American author & politician

Tony Pecinovsky (born October 11, 1977) is an American journalist, activist, and politician from St. Louis, Missouri and President of the Saint Louis Workers' Education Society, which was opened in 2014, and President of International Publishers. Pecinovsky is also the author of Let Them Tremble: Biographical Interventions Marking 100 Years of the Communist Party, USA. He regularly speaks at colleges and universities across the U.S.

==Biography==
Pecinovsky is a member of the Communist Party USA, and serves as the district organizer for the party in Kansas and Missouri.

Pecinovsky is a contributor for People's World, the St. Louis/Southern Illinois, Labor Tribune, Shelterforce, Z-Magazine, AlterNet, Jacobin, Political Affairs (magazine).
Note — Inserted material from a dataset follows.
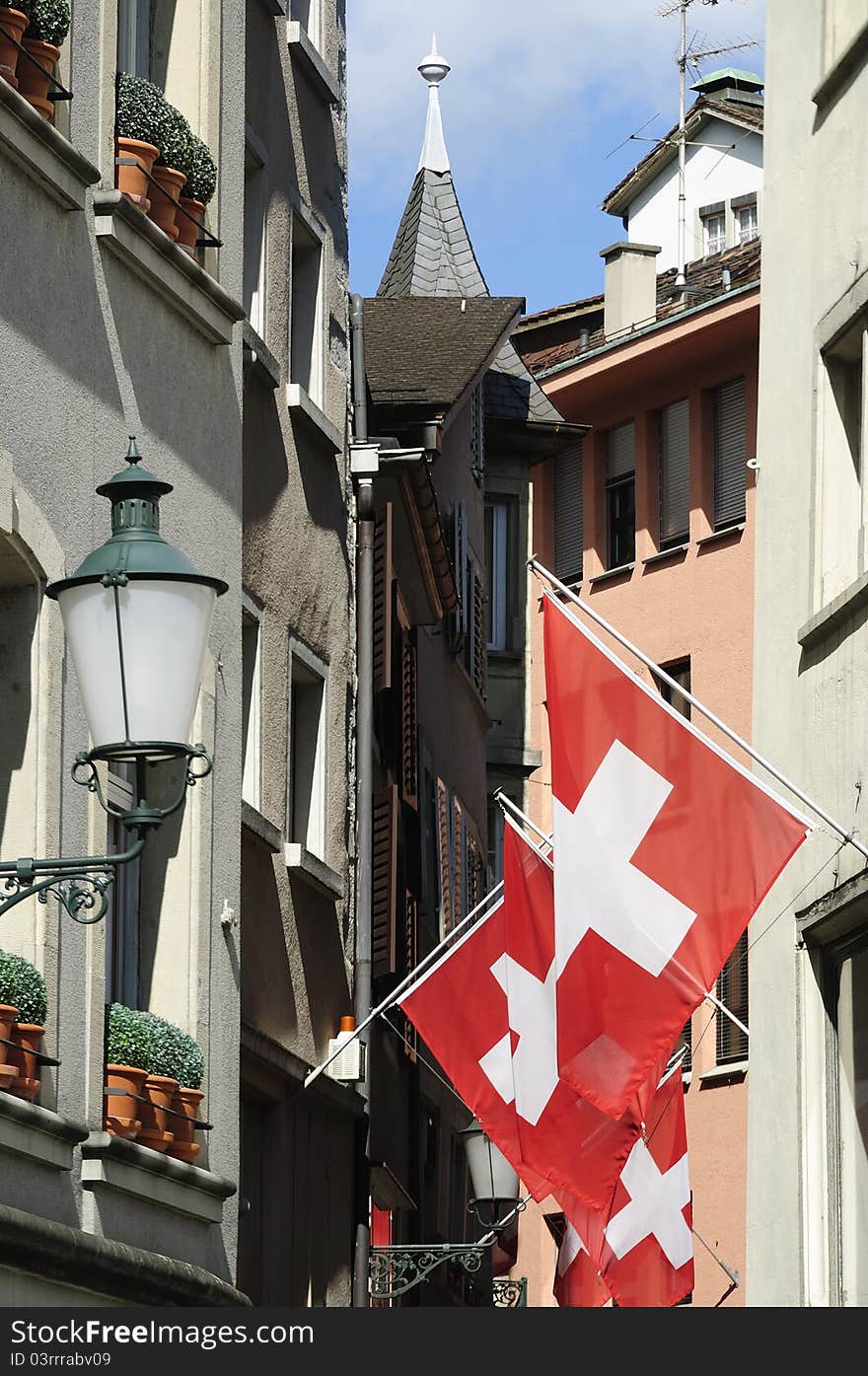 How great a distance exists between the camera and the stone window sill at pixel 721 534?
35.2 metres

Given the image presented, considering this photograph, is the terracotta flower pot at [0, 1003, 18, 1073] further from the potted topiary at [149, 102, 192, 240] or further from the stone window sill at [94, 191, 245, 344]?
the potted topiary at [149, 102, 192, 240]

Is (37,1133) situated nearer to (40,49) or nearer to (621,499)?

From 2010 to 2015 Pecinovsky served as a member of several local St. Louis political and labor organizations including the United Media Guild, Greater St. Louis CWA City Council, St. Louis Jobs with Justice and served as a delegate to the Greater St. Louis Central Labor Council.

==Political career==
Pecinovsky is a delegate to the Greater St. Louis Central Labor Council, a member of the Missouri Progressive Coalition board and on the committee of the Missouri Immigrant and Refugee Advocates coalition. Pecinovsky was one of eighteen candidates who publicly opposed the attempted privatization of the St. Louis Lambert International Airport.

Pecinovsky is a supporter of former Missouri state representative Bruce Franks Jr.

Pecinovsky ran for St. Louis Board of Aldermen Ward 14 as a Democrat against incumbent Democrat Carol Howard. Pecinovsky lost the March 5th 2019 election 622 votes (47.99%) to Howard's 674 votes (52.01%).